I think about that shrug with a great deal of appreciation whenever I hear parents talking about their children’s “chances.” What makes me uneasy is the sense that they are merging their children’s chances with their own, demanding of a child that he make good not only for himself but for the greater glory of his father and mother. Of course there are more children than “desirable” openings. But we are deluding ourselves if we pretend that desirable schools benefit the child alone. (“I wouldn’t care at all about his getting into Yale if it weren’t for Vietnam,” a father told me not long ago, quite unconscious of his own speciousness; it would have been malicious of me to suggest that one could also get a deferment at Long Beach State.) Getting into college has become an ugly business, malignant in its consumption and diversion of time and energy and true interests, and not its least deleterious aspect is how the children themselves accept it. They talk casually and unattractively of their “first, second and third choices,” of how their “first-choice” application (to Stephens, say) does not actually reflect their first choice (their first choice was Smith, but their adviser said their chances were low, so why “waste” the application?); they are calculating about the expectation of rejections, about their “backup” possibilities, about getting the right sport and the right extracurricular activities to “balance” the application, about juggling confirmations when their third choice accepts before their first choices answers. They are wise in the white lie here, the small self-aggrandizement there, in the importance of letters from “names” their parents scarcely know. I have heard conversations among 16-year-olds who were exceeded in their skill at manipulative self-promotion only by applicants for large literary grants.

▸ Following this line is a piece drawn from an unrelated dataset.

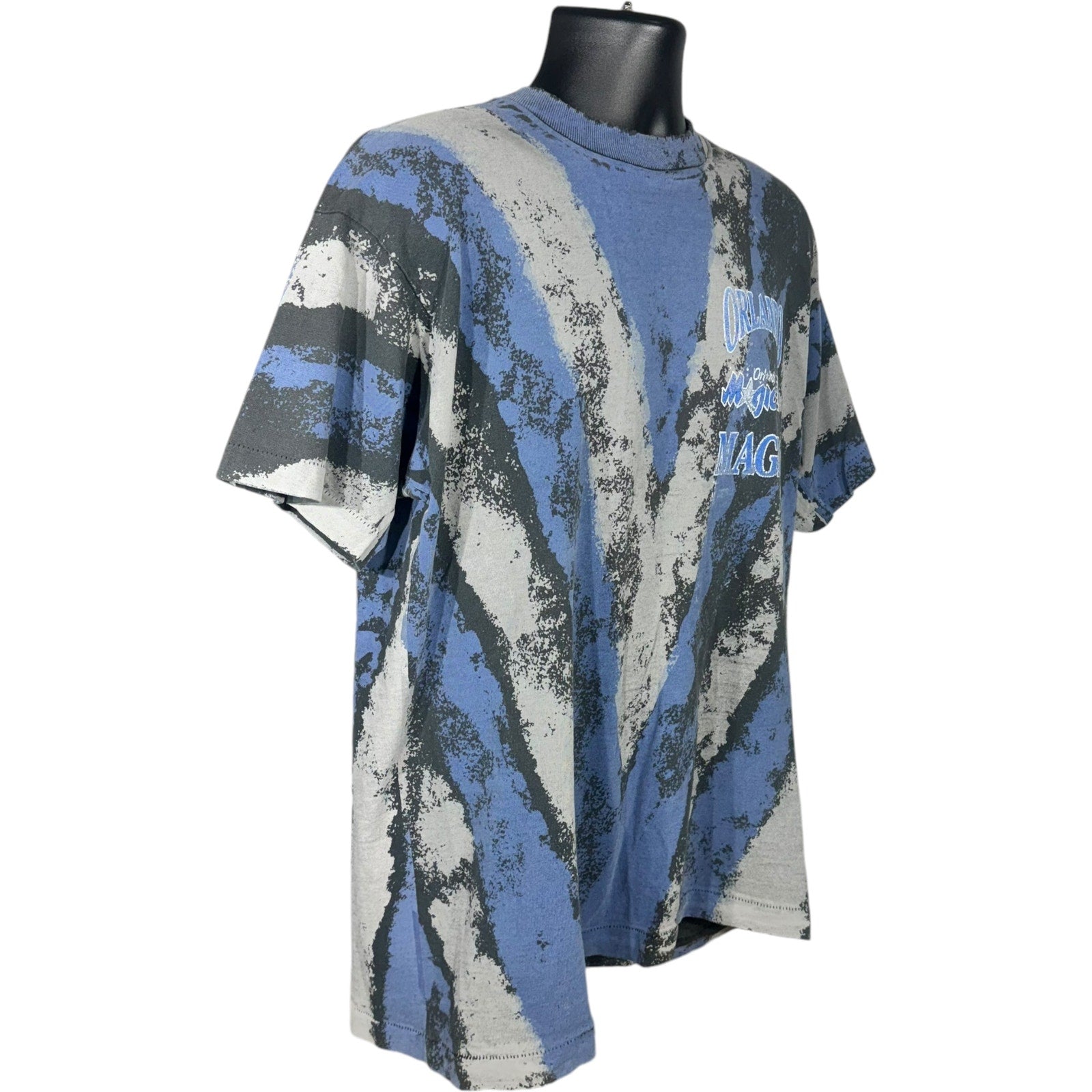 Vintage Salem Sportswear Orlando Magic Tie-Dye Tee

And of course none of it matters very much at all, none of these early successes, early failures. I wonder if we had better not find some way to let our children know this, some way to extricate our expectations from theirs, some way to let them work through their own rejections and sullen rebellions and interludes with golf pros, unassisted by anxious prompting from the wings. Finding one’s role at 17 is problem enough, without being handed somebody else’s script.